**Available data**
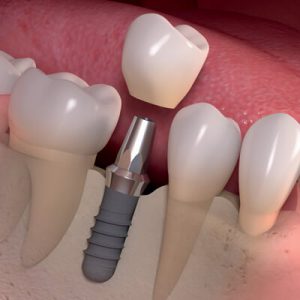 dental implant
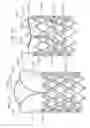 Fig. 13 - Low-profile heart valve and delivery system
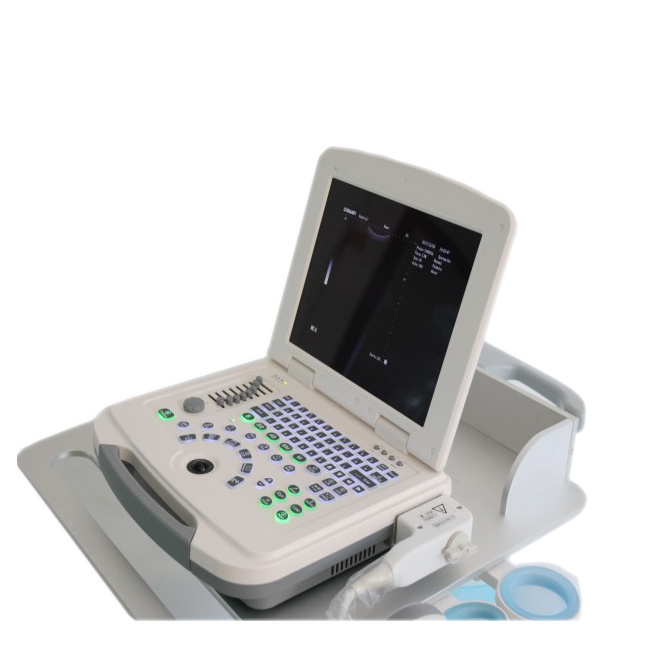 China Medical with USB Ultrasound Scanner Medical Imaging Scannner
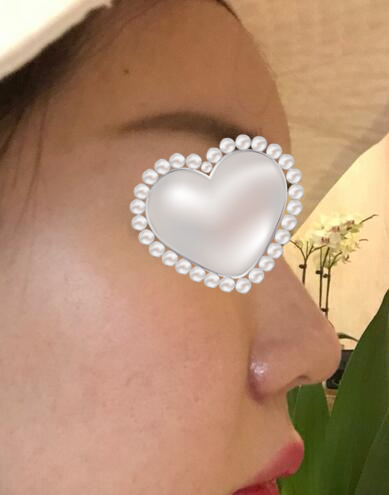 鼻翼縮小后果圖對比
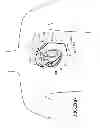Fig. 03 - IMPLANTABLE MYOCARDIAL ISCHEMIA DETECTION, INDICATION AND ACTION TECHNOLOGY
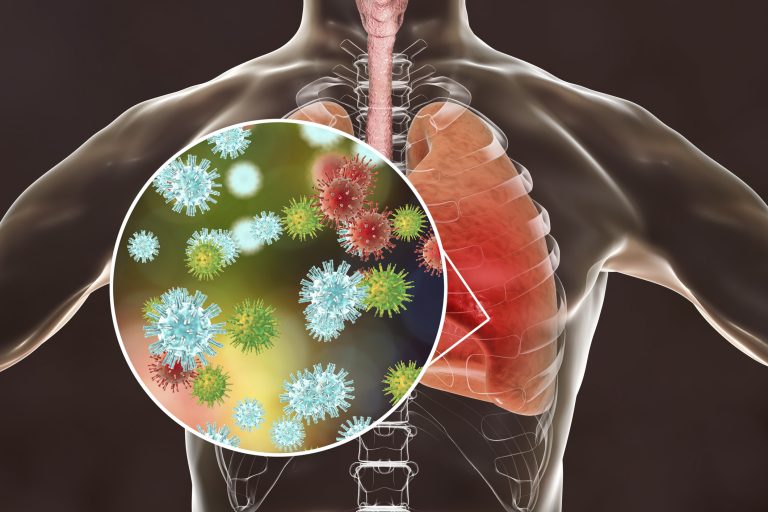 Viral pneumonia, influenza conceptual illustration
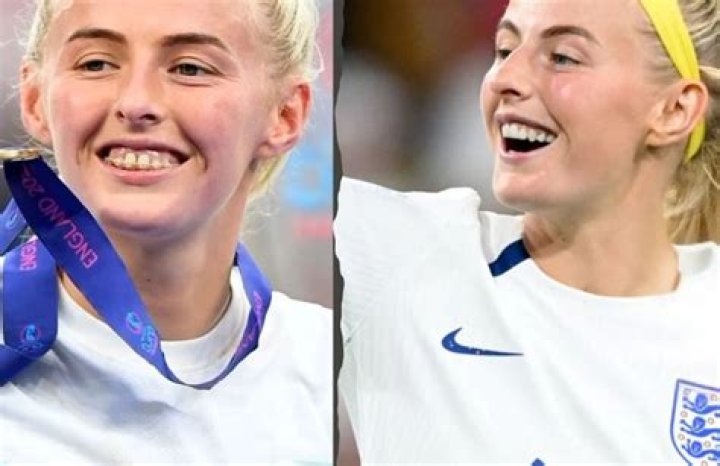 
What Is Wrong With Chloe Kelly Teeth? Face And Nose Injury – Does She Use Braces? 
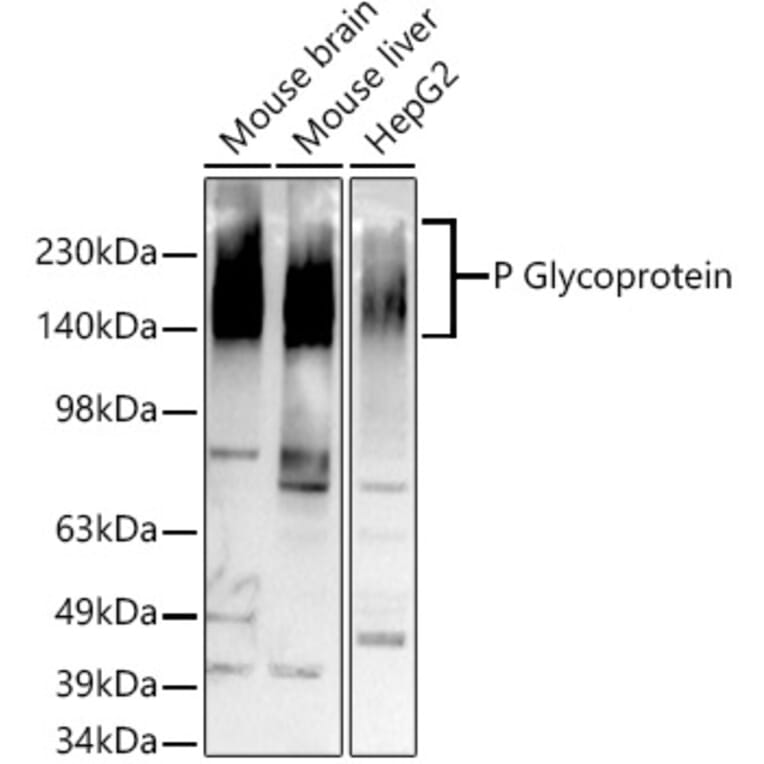 Western Blot - Anti-P Glycoprotein Antibody [ARC0470] (A305706) - Antibodies.com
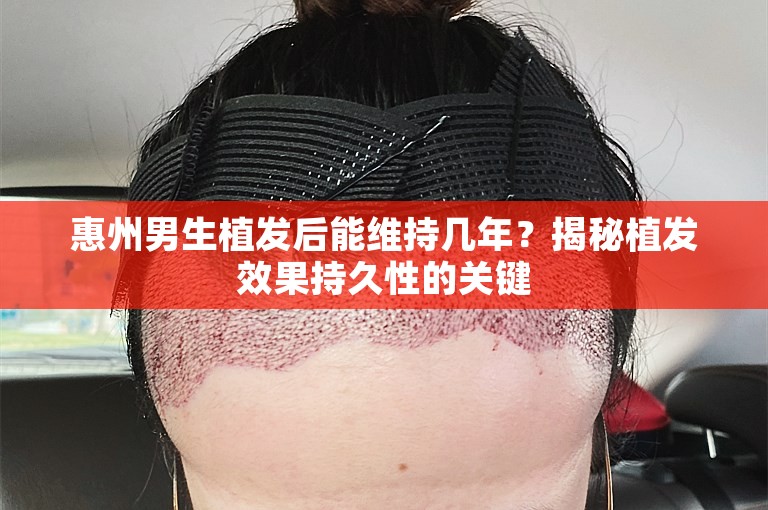 惠州男生植发后能维持几年？揭秘植发效果持久性的关键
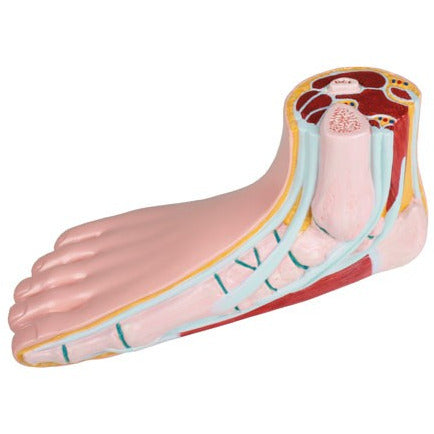 Flat Foot Model - Life-Size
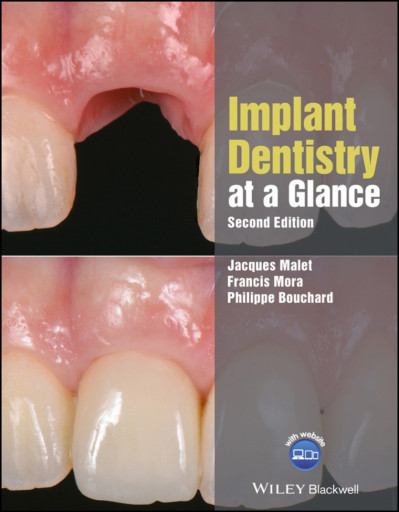 Implant Dentistry at a Glance / Edition 2 - Jacques Malet F662d655591107affeb00a2ad7bc4803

**Aim of the exercise**
The entries above are to be copied exactly, with every picture left out.

**Response to the exercise**
 dental implant
 Fig. 13 - Low-profile heart valve and delivery system
 China Medical with USB Ultrasound Scanner Medical Imaging Scannner
 鼻翼縮小后果圖對比
Fig. 03 - IMPLANTABLE MYOCARDIAL ISCHEMIA DETECTION, INDICATION AND ACTION TECHNOLOGY
 Viral pneumonia, influenza conceptual illustration
What Is Wrong With Chloe Kelly Teeth? Face And Nose Injury – Does She Use Braces? 
 Western Blot - Anti-P Glycoprotein Antibody [ARC0470] (A305706) - Antibodies.com
 惠州男生植发后能维持几年？揭秘植发效果持久性的关键
 Flat Foot Model - Life-Size
 Implant Dentistry at a Glance / Edition 2 - Jacques Malet F662d655591107affeb00a2ad7bc4803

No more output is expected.